# A Worst-Case Circuit Delay Verification Technique Considering Power Grid Voltage Variations

Dionysios Kouroussis, Rubil Ahmadi and Farid N. Najm Department of ECE, University of Toronto, Ontario, Canada (diony,rubil)@eecg.utoronto.ca, f.najm@utoronto.ca

Abstract—

In the verification of VLSI circuit design, Static Timing Analysis (STA) techniques allow a designer to calculate the timing of a circuit at different process corners which only consider cases where all the supplies are low or high. This analysis may not be the true maximum delay of a circuit due to the neglect of mismatch between drivers and load. We propose a new methodology for timing analysis where we identify all the possible critical paths of a circuit using new timing models while integrating the aforementioned mismatch for the logic gates. Given then these critical paths we tie the supplies of the gates to physical power grids and re-analyze for the worstcase time delay. This re-analysis is posed as a sequence of optimization problems where the complete operation of the entire circuit is abstracted in terms of current constraints. We present our technique and report on the implementation results using benchmark circuits tied to a number of test-case power grids.

#### I. Introduction

In the analysis and verification of high performance chip-design it is essential that timing analyzers take into account power supply variations. The task however is difficult, due to the increasingly large size of power grids and the difficulty of obtaining all possible circuit behaviors especially those that will produce an accurate worst-case time delay of a circuit.

Voltage fluctuations within on-chip power grids, are a result of many sources such as IR-drop, Ldi/dt drop, and resonance between the grid and the package. Typically at frequencies below a GHz or so, the inductance is neglected and simulation of the power grid is focused on only IR-drop given the RC structure of the grid. To simulate the voltage drop on the grid, designers provide some form of current profiles of the behavior of the circuit. These profiles are then used to calculate voltage drop on grid. Due to the very large number of circuit behaviors, however, it is impractical to simulate the circuit (for the currents) and the grid (for the voltage drops) for all possible clock cycles or vector sequences.

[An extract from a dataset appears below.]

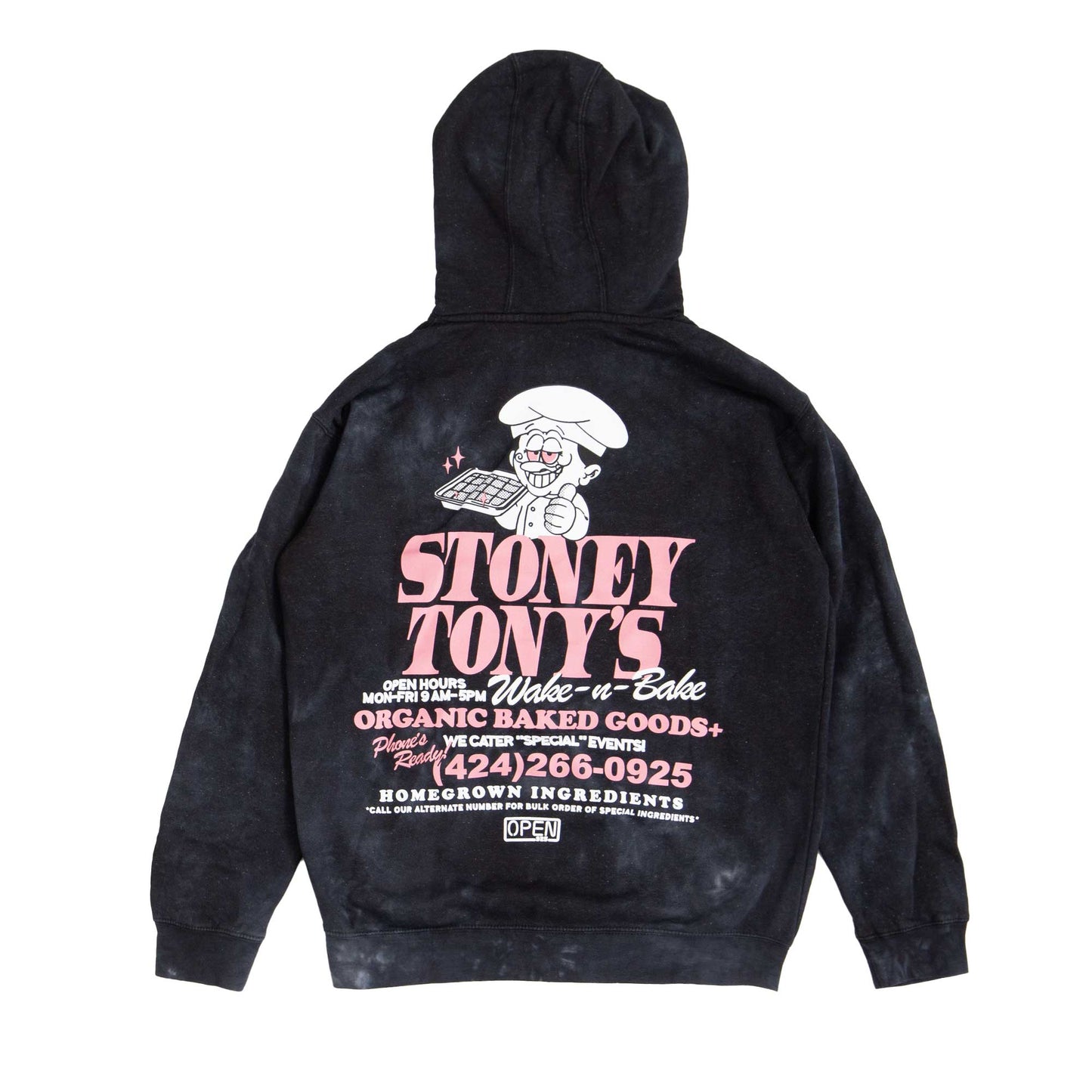 Stoney Tony's Black Dye Hoodie-Open 925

We are interested in the possibility of determining how the voltage fluctuations of the grid will effect timing delay without having complete knowledge of the circuit behavior. We will assume that only *incomplete* information of circuit behavior is available in terms of circuit currents. This incomplete circuit current information will be in the form of current constraints as presented in [2]. These constraints essentially are the upper bounds on the currents.

Further, we study the effect of variations of the grid voltages on the circuit timing, and develop a static timing analysis (STA) approach that takes these variations into account. We begin by assuming that the exact voltage drops are not known, but that the ranges of voltage drops are specified. As well, we assume that the voltage drops are independent in order to identify the worstcase voltage configuration that causes a logic circuit to exhibit its worst-case delay. Once we have obtained the worst-case configurations and compared critical paths we tie the supplies of the gates in the worst paths to a test-case power grid and analyze the time delay based on the actual abstracted working behavior of the circuit as represented by the current constraints. The delay time re-analysis is done by using the delay model developed in [1]. This model was formulated into a nonlinear programming problem, which we solved for the maximum delay subject to the current constraints.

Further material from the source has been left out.